> **Your goal**
What you return must match the listing below exactly, minus any pictures.

> **Given material**
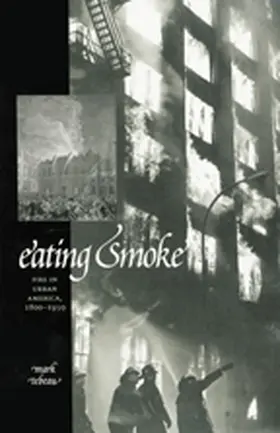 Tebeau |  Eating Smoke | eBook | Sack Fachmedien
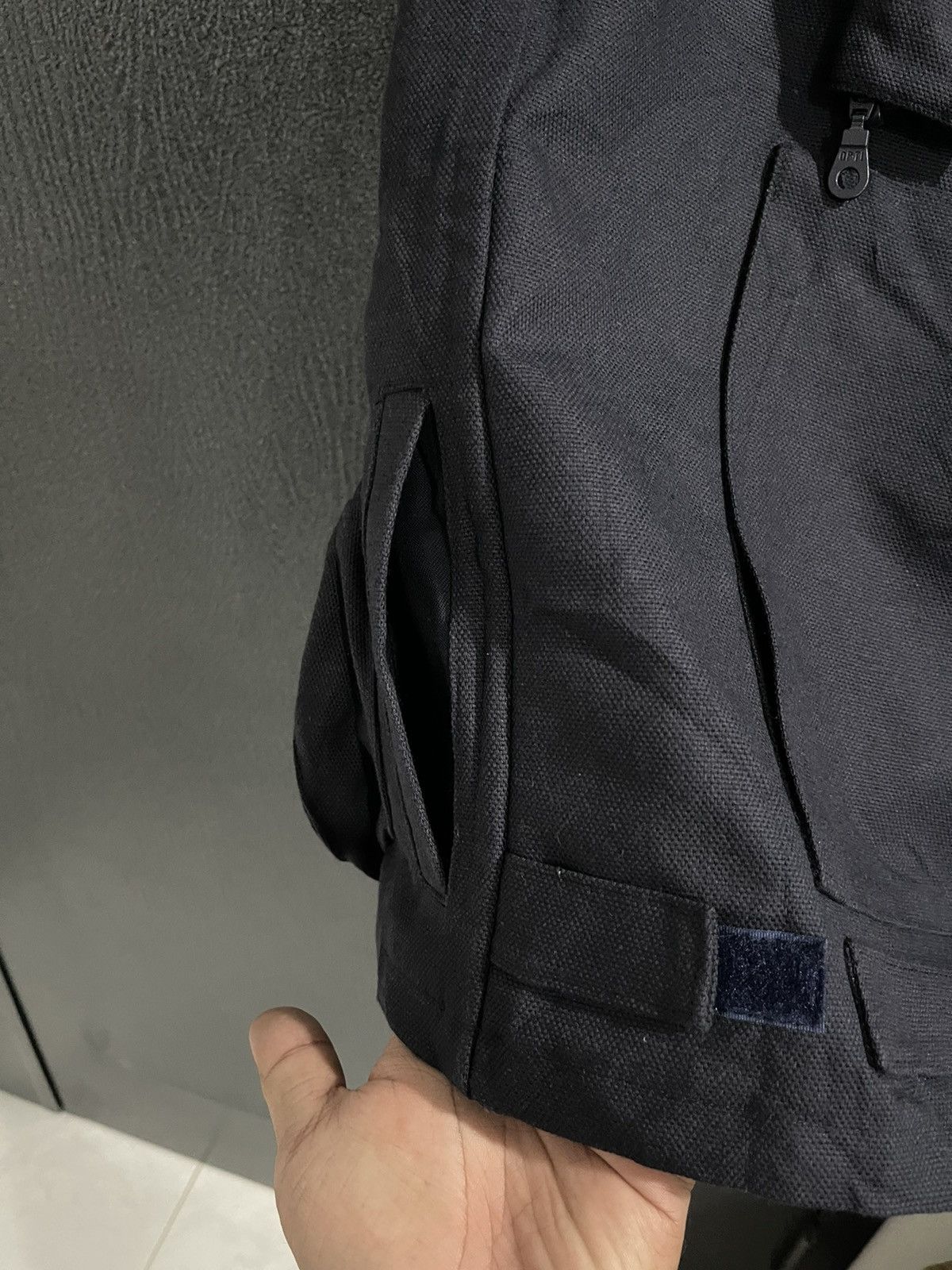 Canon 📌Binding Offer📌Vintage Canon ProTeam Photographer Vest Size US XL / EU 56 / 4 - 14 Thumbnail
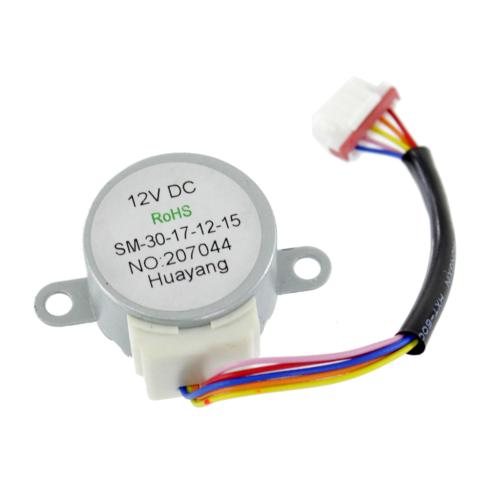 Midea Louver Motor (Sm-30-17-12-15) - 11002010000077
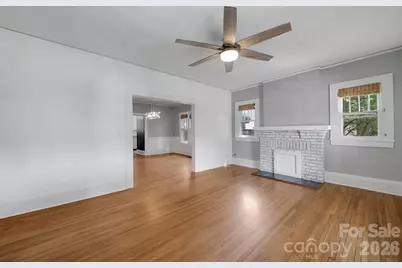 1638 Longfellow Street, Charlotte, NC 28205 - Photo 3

> **Task solution**
 Tebeau |  Eating Smoke | eBook | Sack Fachmedien
 Canon 📌Binding Offer📌Vintage Canon ProTeam Photographer Vest Size US XL / EU 56 / 4 - 14 Thumbnail
 Midea Louver Motor (Sm-30-17-12-15) - 11002010000077
 1638 Longfellow Street, Charlotte, NC 28205 - Photo 3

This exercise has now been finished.